Modeling business-critical data

With months of dbt experience now under their belt, the data team at Tempo has restructured the models providing new levels of insight into the workings of the business. 

“Our orders table is particularly important because it tells us what products we’ve sold,” said Eric. “That’s one of the key financial metrics the finance and marketing teams use, which in turn provide our growth metrics.”

Another foundational model combines all of Tempo’s product insights, collecting information such as who is doing what workouts.

“The unified workout table is a big one,” added Frank. “Whenever we’re doing any sort of product testing or feature development, that’s the table that always gets referenced.”

Managing the data development lifecycle with Stemma

All of Tempo’s tables and dashboards are documented and observable through Stemma. With its strong lineage capabilities, Stemma supports common operational use cases in data engineering.

“Stemma has been a very powerful tool for us to quickly identify work that needs to be done to address new requests. If we need to change a data field, Stemma helps look upstream to find dependencies and trace back to the source so we can make requests of engineering to rev data quickly,” said Chong “Lineage tracking also plays a role in avoiding breaking changes and understanding the downstream impacts of changing columns and tables.”

“I’ve been using a column lineage quite often because column naming wasn’t consistent when we migrated. But with Stemma I can easily see when one column is derived from another column with a different name,” said Eric. “It’s helping me go back and clean up names after the change.” 

Stemma has continued to help the team manage the development lifecycle of their data assets well after the migration. 

“Data table usage is another key feature of Stemma,” said Eric. “We had a case where we knew there were many tables not being frequently used. By looking at lineage and dashboard usage in Stemma, we were able to easily trim down about half of our tables that weren’t being frequently used.” 

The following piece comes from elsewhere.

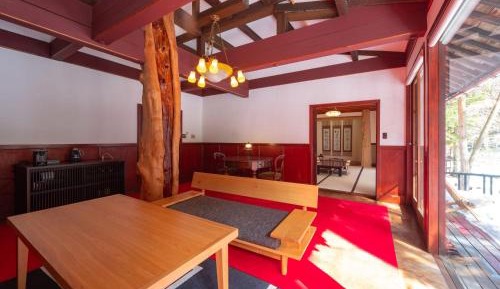Luxury Japanese-Style House - Annex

Looking to the future: better models and real-time data

After a six-month migration, the team is pleased with the possibilities of their new data infrastructure. 

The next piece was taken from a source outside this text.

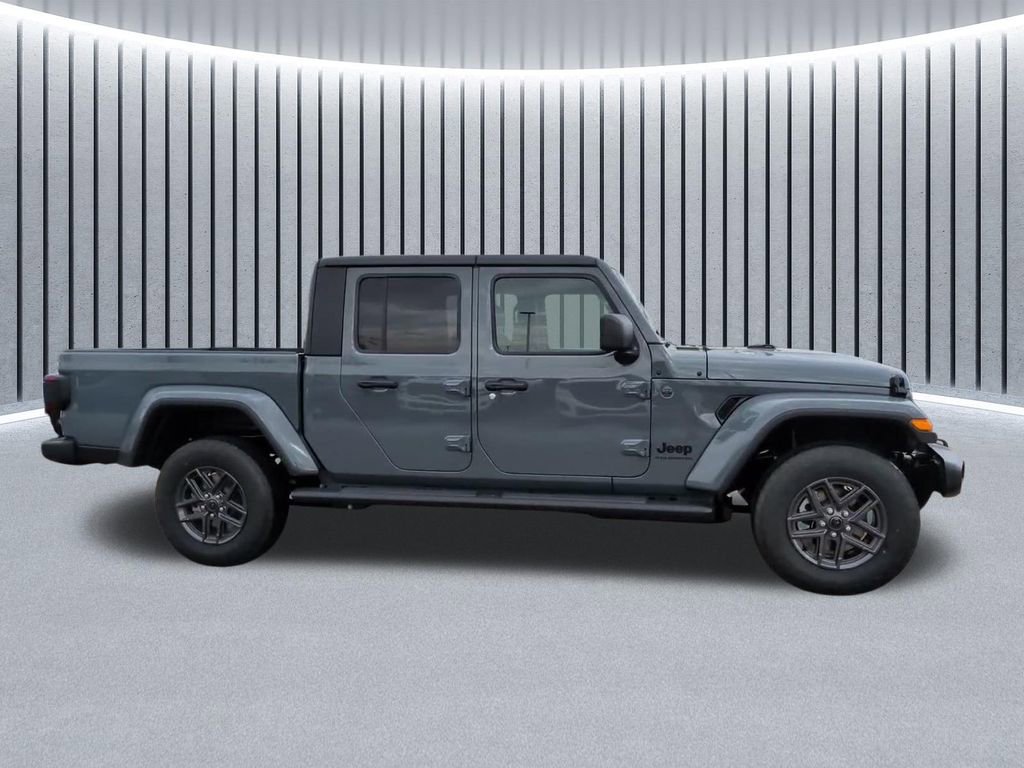 New 2026 Jeep Gladiator Sport image 4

“We’re very happy with our current data setup,” said Chong. “Overall, we’re confident we have the right tech stack with dbt at the center, combined with Stemma and Snowflake. It satisfies all our current needs.”

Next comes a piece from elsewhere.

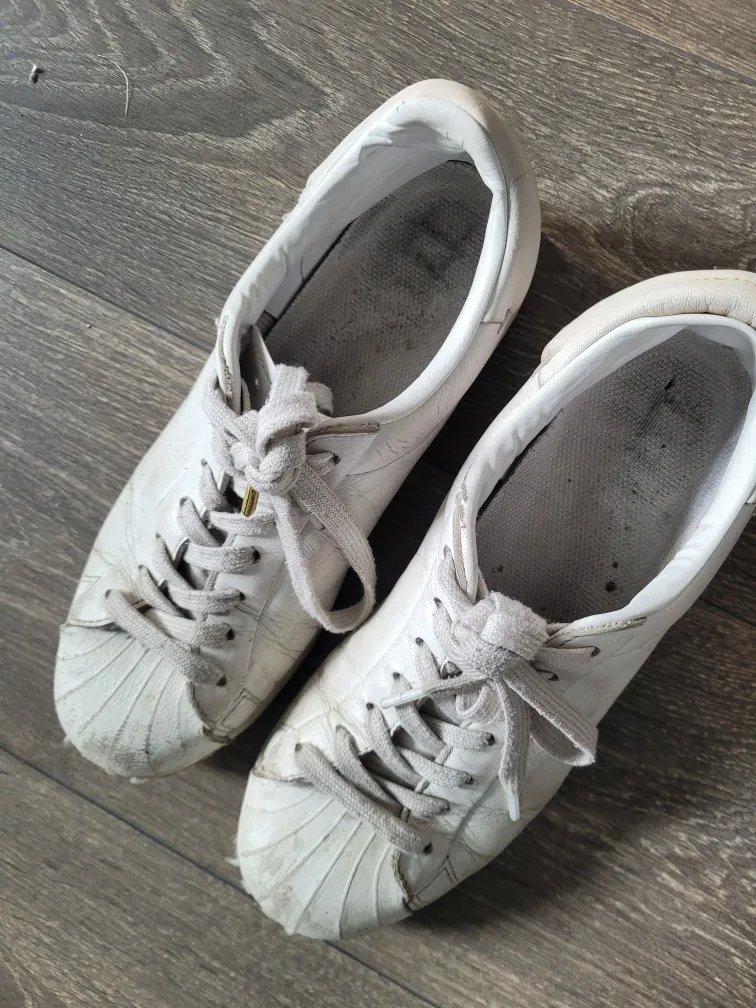 Adidas Superstar White Sneakers thumbnail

Now that the data infrastructure is in place, Tempo’s Q2 plan is focused on optimizing and expanding use cases. With solid foundations in place, they are now looking to extend the benefits to improve data usage across other teams within the organization.

Refining Tempo’s data architecture

The first step towards making that a reality is ensuring they are doing as much as possible with the data Tempo collects.

“The question now is: how can we leverage the current data stack to improve the overall architecture?” said Chong. “We are now able to build much better models. And by building better data models, we can bring more value to our products and to the business.”

Boosting the customer experience through real-time data

Looking further ahead, Tempo is interested in using the power afforded by dbt to improve its real-time data capabilities.

“We’re looking into a number of real-time use cases,” explained Chong. “Once we get the data from our client side, we can rapidly move that information into a data warehouse, another third-party service, or downstream where real-time decisions can be made.”

Tempo is particularly interested in unlocking additional value for its customers: 

“Tempo is not just a smart home gym. It is a data-driven platform that helps its customers reach their fitness potential, enhance their well-being, and have fun while working out. By improving the platform, we can improve the way we use our customer’s data to personalize their training, optimize their performance, motivate their progress, and connect them with others.”